The predicted activities of the two remaining putative glycosyltransferases (i.e., WefD and WefE, respectively) associate these proteins with the last two steps in synthesis of the proposed repeating unit (Table 2, Fig. 6). WefD is a putative inverting glycosyltransferase on the basis of its sequence homology with several members of glycosyltransferase family 2 (8 and http://afmb.cnrs-mrs.fr/∼cazy/CAZY/index.html), including Cps14J, a Galβ-transferase of S. pneumoniae (24), and WefE is a putative galactofuranose transferase on the basis of its homology with E. coli WbbI (43). From these homologies, we predict that WefD is the GalNAcβ transferase that forms the host-like recognition motif (i.e., GalNAcβ1-3Gal) and that WefE is the galactofuranose transferase that completes the lipid-linked heptasaccharide. Finally, the present model of RPS biosynthesis (Fig. 6) associates the presence of Glcβ1-6Galf in the strain 38 polysaccharide (39) with Wzy-dependent polymerization of adjacent heptasaccharide repeating units.

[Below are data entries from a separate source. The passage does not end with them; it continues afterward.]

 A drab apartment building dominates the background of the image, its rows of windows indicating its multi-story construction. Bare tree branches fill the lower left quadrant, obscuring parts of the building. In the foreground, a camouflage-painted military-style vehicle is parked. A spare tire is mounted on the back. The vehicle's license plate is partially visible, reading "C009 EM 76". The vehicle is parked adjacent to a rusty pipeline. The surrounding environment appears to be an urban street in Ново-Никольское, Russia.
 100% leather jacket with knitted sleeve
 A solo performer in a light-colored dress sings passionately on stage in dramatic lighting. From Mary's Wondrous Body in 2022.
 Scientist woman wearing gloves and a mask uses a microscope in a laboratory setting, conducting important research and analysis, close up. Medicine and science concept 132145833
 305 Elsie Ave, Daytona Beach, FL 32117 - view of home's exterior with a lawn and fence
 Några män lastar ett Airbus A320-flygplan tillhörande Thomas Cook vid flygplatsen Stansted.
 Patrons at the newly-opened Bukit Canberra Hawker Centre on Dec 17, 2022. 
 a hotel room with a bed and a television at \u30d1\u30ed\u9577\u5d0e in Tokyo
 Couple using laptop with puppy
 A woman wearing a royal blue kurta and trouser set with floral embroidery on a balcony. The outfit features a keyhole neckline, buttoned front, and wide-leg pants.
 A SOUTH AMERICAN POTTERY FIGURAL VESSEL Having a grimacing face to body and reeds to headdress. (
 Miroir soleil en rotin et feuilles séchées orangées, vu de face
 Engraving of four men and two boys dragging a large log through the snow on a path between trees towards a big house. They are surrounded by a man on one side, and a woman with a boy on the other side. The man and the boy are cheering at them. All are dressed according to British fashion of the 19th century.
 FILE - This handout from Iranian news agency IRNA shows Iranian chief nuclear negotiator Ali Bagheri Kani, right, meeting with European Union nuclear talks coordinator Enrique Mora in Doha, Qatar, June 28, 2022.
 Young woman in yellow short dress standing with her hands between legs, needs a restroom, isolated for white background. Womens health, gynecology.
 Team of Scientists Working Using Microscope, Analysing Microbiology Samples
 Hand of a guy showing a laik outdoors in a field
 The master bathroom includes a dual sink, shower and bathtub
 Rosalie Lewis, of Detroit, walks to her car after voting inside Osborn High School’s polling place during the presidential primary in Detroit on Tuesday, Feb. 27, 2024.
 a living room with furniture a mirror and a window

Similarities between the S. gordonii RPS and S. pneumoniae CPS clusters, although striking in terms of gene composition and order (Table 2), are not sufficient at the nucleotide level to indicate the recent lateral transfer of genes for polysaccharide biosynthesis between these closely related species (21). Lateral transfer of CPS genes between strains of S. pneumoniae is, however, well established and thought to be of primary importance in the ongoing evolution of new CPS serotypes (13). Like pneumococci, the four RPS-producing species of oral viridans group streptococci are readily transformable. In addition, the latter bacteria are intimately associated with each other as well as with other members of the human oral biofilm community (19, 37, 38). The present identification of an RPS gene cluster from a human oral viridans group streptococcus provides a basis for further studies to assess the role of lateral gene transfer in the ongoing evolution of microbial surface receptors for mixed-species biofilm formation.